Forces with magnitudes of 2000 newtons and 900 newtons act on a machine part at angles of 10° and 85° respectively, with the x-axis. find the direction and the magnitude of the resultant of these forces. round to the nearest tenth place.

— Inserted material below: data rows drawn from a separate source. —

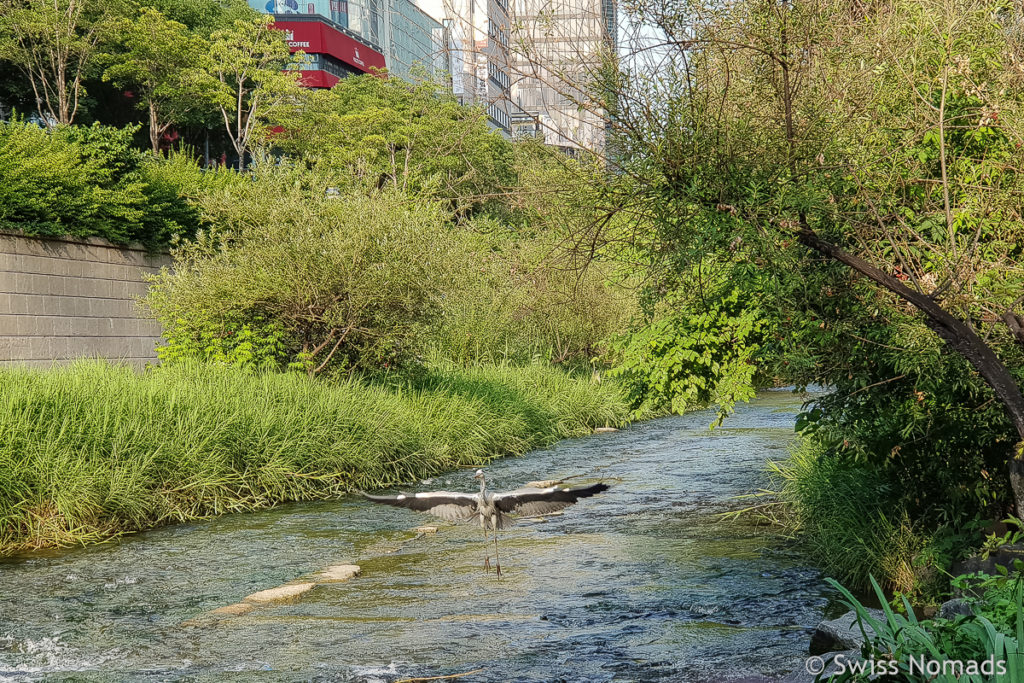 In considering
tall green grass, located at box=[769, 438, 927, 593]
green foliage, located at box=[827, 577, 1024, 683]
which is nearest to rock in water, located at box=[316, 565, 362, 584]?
tall green grass, located at box=[769, 438, 927, 593]

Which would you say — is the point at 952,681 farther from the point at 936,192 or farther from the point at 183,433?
the point at 183,433

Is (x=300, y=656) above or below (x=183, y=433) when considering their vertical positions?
below

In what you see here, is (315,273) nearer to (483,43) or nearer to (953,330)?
(483,43)

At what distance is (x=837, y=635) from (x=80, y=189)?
1520 cm

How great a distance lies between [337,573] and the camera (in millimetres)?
8766

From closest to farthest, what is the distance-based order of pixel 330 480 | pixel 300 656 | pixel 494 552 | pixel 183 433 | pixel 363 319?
pixel 300 656 < pixel 494 552 < pixel 183 433 < pixel 330 480 < pixel 363 319

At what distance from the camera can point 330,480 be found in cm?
1284

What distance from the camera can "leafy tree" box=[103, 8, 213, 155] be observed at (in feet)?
102

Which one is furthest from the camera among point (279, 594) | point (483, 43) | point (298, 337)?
point (298, 337)

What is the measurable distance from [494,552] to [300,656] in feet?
10.6

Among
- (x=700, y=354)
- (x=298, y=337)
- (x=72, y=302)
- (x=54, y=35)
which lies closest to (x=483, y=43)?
(x=700, y=354)

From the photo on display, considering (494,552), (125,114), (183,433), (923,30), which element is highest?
(125,114)

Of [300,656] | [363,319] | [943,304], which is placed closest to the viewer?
[943,304]

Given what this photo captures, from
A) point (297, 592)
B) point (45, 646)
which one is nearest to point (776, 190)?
point (297, 592) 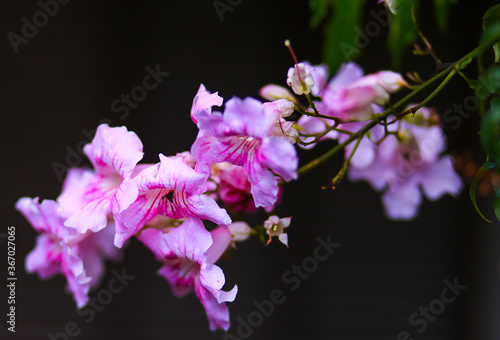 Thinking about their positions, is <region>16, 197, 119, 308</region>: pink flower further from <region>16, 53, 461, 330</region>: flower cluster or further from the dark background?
the dark background

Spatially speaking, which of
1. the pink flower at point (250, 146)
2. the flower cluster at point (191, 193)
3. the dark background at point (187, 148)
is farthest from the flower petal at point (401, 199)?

First, you need to find the components of each force:

F₁x = 2000 cos10 = 1969.6 N

F₁y = 2000 sin10 = 347.3 N

F₂x = 900 cos85 = 78.4 N

F₂y = 900 sin85 = 896.6 N

Then, you have to sum up the same components of the two forces:

Rx = F₁x + F₂x = 1969.6 + 78.4 = 2048.0 N

Ry = F₁y + F₂y = 347.3 + 896.6 = 1243.9 N

In order to find the magnitude of the resultant, you need to apply the Pythagorean theorem:

R = √ (Rx² + Ry²)

= √ 2048.0² + 1243.9²

= 2396.2 N

Now, in order to find the direction (angle), you need to use a bit of trigonometry:

α = tan⁻¹ (Ry / Rx)

= tan⁻¹ (1243.9 / 2048)

= tan ⁻¹ (0.60737)

=31.3°

Therefore, the answer is: the resultant has a magnitude of 2396.2N with an angle of 31.3° with respect to the x-axys.